◆ Assignment
Nothing but a number should be written: the count of lines below that contain "from".

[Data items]
⟨
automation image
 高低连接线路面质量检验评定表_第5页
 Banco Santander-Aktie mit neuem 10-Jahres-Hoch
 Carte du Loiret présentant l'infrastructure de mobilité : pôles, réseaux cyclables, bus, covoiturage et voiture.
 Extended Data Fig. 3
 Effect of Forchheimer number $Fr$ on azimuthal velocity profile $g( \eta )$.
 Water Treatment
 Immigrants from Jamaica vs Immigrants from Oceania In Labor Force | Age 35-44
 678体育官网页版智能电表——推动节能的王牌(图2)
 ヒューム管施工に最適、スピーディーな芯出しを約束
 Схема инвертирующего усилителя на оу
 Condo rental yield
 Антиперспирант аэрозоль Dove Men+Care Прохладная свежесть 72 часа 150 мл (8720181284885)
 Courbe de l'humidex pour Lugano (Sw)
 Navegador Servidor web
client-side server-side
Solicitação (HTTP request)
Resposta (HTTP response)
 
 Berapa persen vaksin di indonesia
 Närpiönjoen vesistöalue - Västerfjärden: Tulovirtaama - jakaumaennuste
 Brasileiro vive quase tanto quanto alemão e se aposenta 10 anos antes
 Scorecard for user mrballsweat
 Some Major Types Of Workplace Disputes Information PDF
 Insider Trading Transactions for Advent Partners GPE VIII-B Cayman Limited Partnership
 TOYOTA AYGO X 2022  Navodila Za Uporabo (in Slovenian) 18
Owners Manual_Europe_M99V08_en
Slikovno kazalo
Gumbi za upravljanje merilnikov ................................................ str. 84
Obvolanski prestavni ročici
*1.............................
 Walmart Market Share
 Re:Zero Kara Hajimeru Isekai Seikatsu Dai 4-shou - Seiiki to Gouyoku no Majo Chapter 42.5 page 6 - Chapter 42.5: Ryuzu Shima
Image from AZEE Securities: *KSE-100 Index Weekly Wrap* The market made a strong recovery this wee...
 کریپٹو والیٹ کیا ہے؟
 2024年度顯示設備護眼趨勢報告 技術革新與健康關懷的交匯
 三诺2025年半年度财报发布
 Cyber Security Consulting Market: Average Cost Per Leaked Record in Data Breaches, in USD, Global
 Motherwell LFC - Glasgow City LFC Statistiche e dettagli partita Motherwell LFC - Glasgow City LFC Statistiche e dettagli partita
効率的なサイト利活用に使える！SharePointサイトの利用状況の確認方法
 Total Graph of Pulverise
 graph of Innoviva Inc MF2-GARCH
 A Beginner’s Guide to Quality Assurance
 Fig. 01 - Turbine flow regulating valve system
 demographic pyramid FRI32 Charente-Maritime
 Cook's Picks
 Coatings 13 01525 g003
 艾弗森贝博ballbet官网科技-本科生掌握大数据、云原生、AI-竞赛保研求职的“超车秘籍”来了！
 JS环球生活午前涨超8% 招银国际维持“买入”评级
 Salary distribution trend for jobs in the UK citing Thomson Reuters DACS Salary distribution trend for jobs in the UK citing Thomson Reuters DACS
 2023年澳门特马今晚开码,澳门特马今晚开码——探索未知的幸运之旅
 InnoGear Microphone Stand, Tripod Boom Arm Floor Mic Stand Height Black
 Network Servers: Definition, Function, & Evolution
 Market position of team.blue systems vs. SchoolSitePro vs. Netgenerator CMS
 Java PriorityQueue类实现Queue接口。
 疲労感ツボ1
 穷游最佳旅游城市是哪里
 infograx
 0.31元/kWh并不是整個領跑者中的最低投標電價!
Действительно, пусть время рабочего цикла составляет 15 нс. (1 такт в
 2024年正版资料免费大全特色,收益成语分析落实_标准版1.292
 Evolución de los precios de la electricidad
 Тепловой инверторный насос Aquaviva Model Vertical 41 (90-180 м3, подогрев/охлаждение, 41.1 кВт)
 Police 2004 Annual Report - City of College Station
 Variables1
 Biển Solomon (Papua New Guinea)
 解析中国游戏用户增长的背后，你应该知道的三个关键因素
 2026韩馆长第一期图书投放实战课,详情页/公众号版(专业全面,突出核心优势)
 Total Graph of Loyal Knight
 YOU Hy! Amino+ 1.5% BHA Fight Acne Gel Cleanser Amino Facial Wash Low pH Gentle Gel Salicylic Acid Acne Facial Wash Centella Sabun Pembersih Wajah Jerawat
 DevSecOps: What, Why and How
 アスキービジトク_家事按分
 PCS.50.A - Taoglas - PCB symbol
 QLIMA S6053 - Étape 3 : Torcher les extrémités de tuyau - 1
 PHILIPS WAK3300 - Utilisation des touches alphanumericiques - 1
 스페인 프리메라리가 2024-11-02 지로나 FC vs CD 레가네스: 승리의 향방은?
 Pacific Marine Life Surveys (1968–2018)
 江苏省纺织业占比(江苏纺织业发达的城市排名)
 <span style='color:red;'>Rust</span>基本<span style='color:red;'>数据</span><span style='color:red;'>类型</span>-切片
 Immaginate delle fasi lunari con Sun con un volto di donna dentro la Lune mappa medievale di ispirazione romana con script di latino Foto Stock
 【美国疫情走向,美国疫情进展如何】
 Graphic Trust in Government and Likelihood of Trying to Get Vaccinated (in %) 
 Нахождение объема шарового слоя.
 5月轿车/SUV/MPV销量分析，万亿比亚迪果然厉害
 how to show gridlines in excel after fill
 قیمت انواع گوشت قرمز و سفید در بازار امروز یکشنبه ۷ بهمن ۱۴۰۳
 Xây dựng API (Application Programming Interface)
⟩
◆ Your solution
2